ACTION ITEM: The lines from the one holding "Gerry Weber Tranquility" to the final line of the listing below are to be duplicated exactly, with both ends included and pictures omitted.

DATA SHOWN:
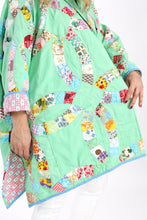 Load image into Gallery viewer, The Helen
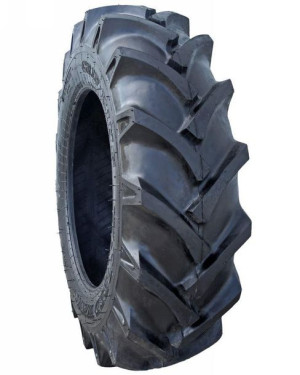 Nowa Opona Trottar Forester 14.9-28 Całoroczne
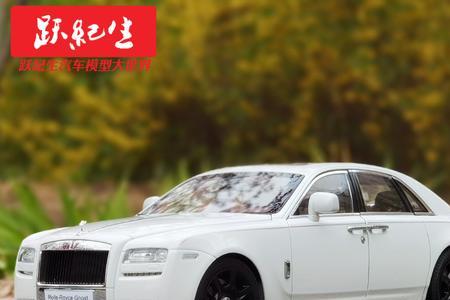古思特1跟古思特2的区别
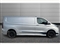 Ford Transit Custom Image 6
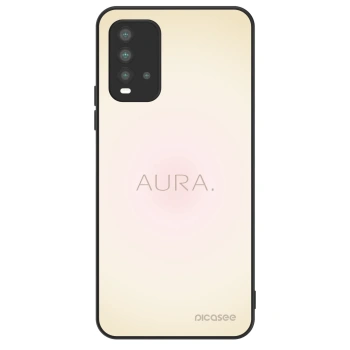 Etui na Xiaomi Redmi 9T - Aura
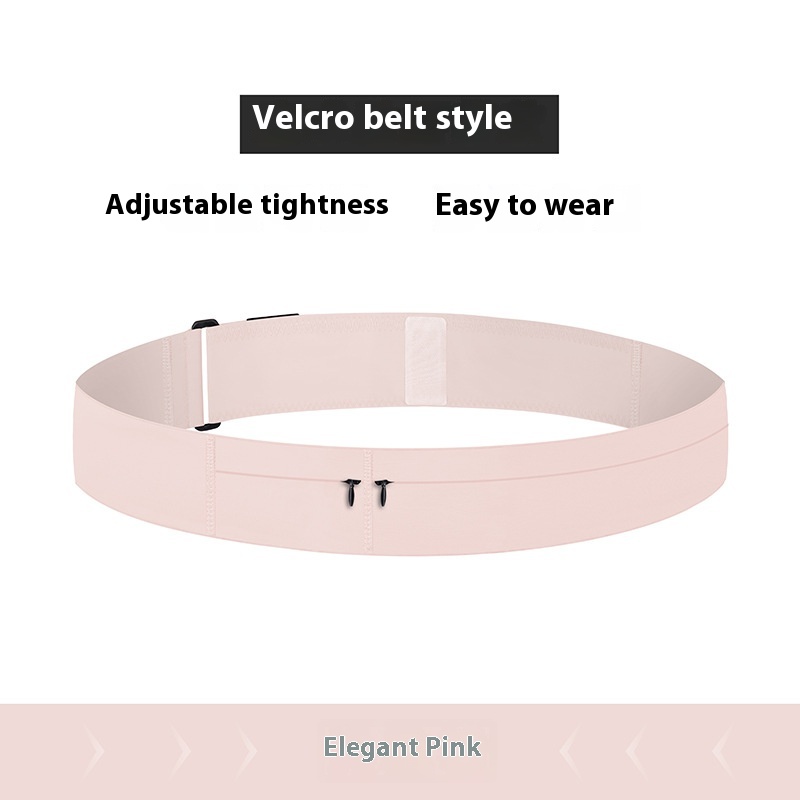 Pink Without Kettle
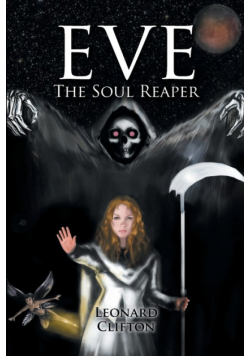Eve The Soul Reaer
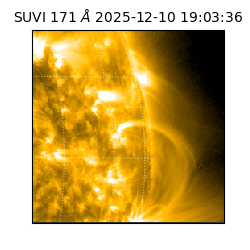 suvi - 2025-12-10T19:03:36.967000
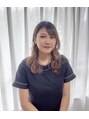 ドールアイ(Dolleye)/高江洲麻衣璃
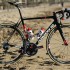 Argon 18 Gallium Pro : Un bon vélo de grimpeur !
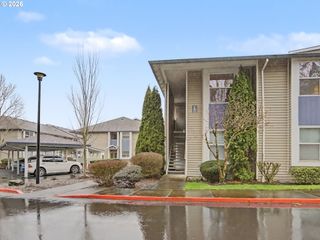 4744 W POWELL Blvd K227, Gresham, OR 97030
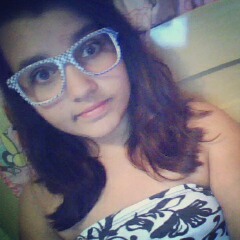 Amy Winehouse - Rehab (my cover)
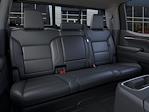 2025 GMC Sierra 1500 Crew Cab 4x4 Pickup for sale #T56024 - photo 17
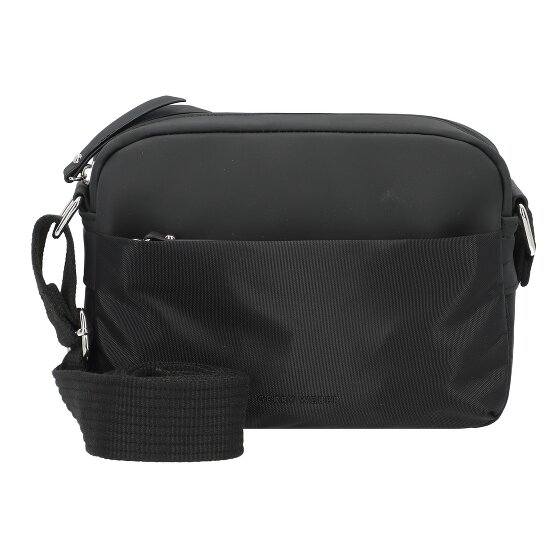 Gerry Weber Tranquility Bolsa de hombro 20 cm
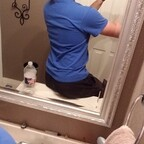 Onlyfans leak maptain_corgan 

 profile picture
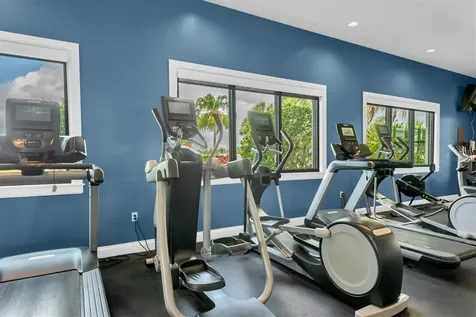 6210 Heirloom Place Apollo Beach FL 33572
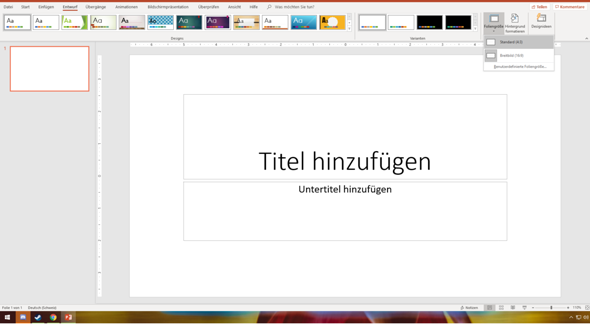 Bild zum Beitrag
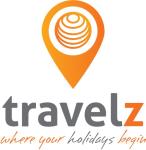 Travelz International Tours & Travels - Rajkot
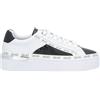 LIU -JO - Sneakers
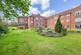 Woodlands, The Spinney, Moortown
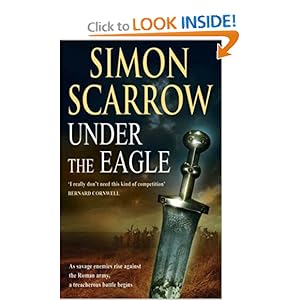 Roman Legion 1-3 HTML Format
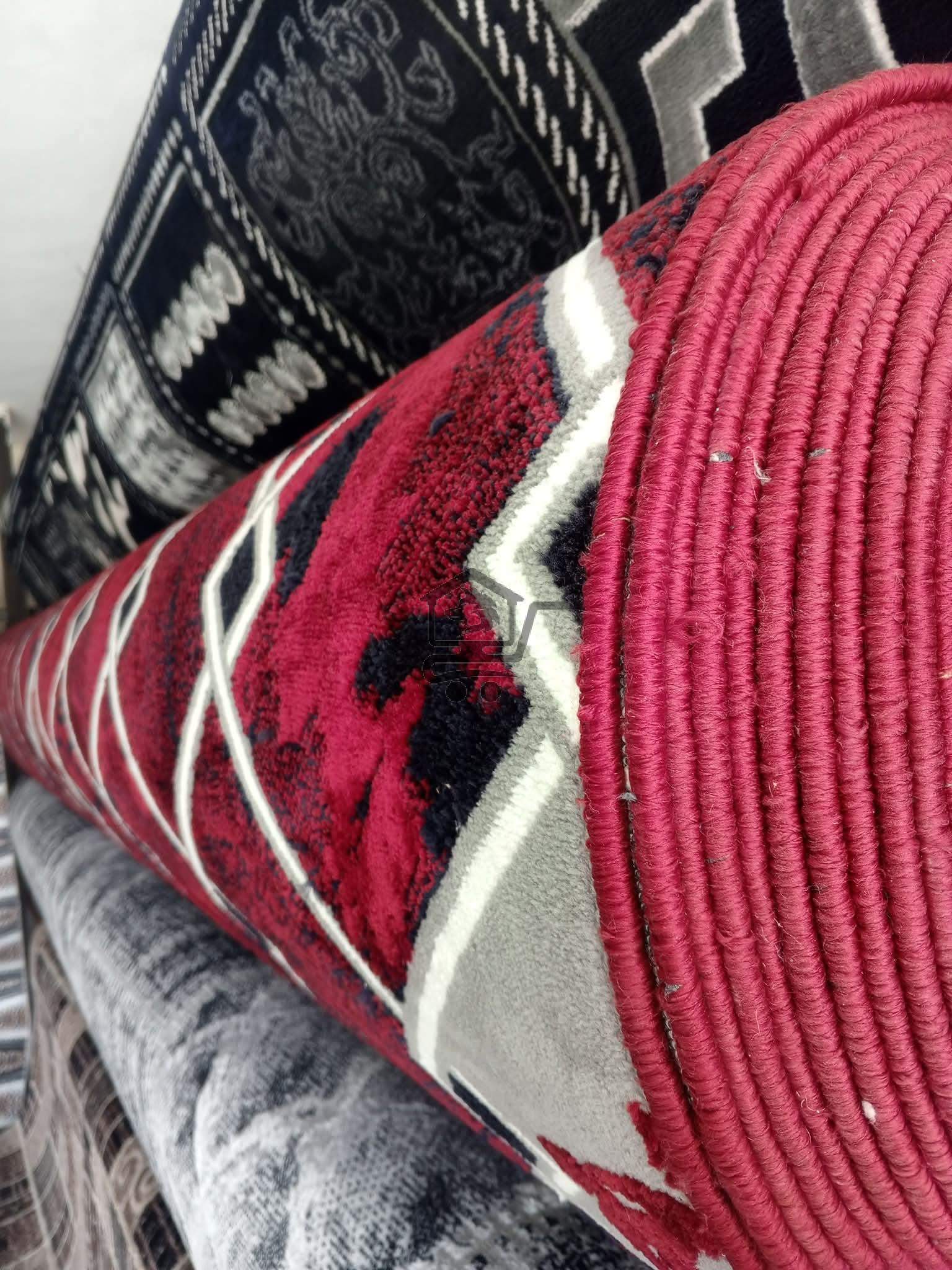 قريش للسجاد والموكيت - الصورة 4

SOLUTION:
 Gerry Weber Tranquility Bolsa de hombro 20 cm
 Onlyfans leak maptain_corgan 

 profile picture
 6210 Heirloom Place Apollo Beach FL 33572
 Bild zum Beitrag
 Travelz International Tours & Travels - Rajkot
 LIU -JO - Sneakers
 Woodlands, The Spinney, Moortown
 Roman Legion 1-3 HTML Format
 قريش للسجاد والموكيت - الصورة 4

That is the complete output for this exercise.